Sharpham Dairy has launched a delicious new cheese which utilises the very best from Devon’s fields and blends it with a healthy and sustainable harvest from the county’s beaches. 

What the cheesemakers at Sharpham have done is to take the diary’s classic and popular 'Rustic' product and married it up with the umami-flavoured delights offered by dulse and sea-lettuce, two seaweeds which are harvested locally… 

The result - which has already been recognised at both the Virtual Cheese and Taste of the West Awards - is a wonderful sweet-salty, creamy-crumbly cheese that delivers a subtle hit of umami which is so pleasing, you can almost taste a hint of truffle.

Which is a bit of a coincidence because only two weeks ago [in the Western Morning News] we were saying exactly the same about the amazing Black Queen scallops now being harvested in the Fal estuary.  

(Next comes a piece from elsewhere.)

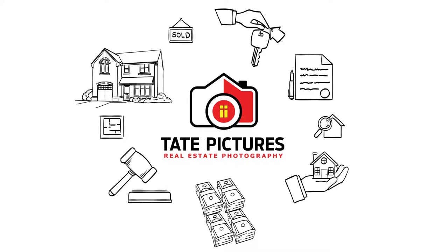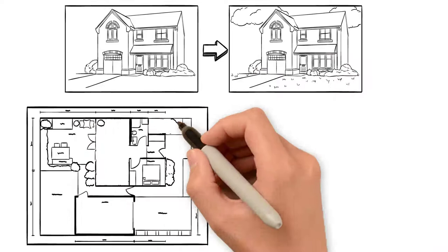Tate Pictures offers several different real estate marketing solutions to help you gain maximum exposure, including interior and exterior photography, digital image enhancement, floor and site plans, and even drone photography.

“Probably not a coincidence,” shrugs Tony Coulton of Ebb Tides - the Sidmouth-based seaweed company which supplies Sharpham with dulse and sea-lettuce. “Both clams and seaweeds filter seawater for their nutrients, so I wouldn’t be surprised if there was a connection.”

More from Tony later - but first what inspired the award-winning folk at Sharpham to start producing one of the first UK cheeses ever to utilise seaweed as an amazingly effective flavour-enhancer? 

The dairy’s managing director, Greg Parsons, replied: “I’d taken my family to an exhibition at the Royal Albert Museum in Exeter where Tony was doing some sort of presentation, and I got talking to him. He’d done stuff with seaweed and butter and he was telling me about what worked particularly well - the dulce and the sea lettuce being two he mentioned.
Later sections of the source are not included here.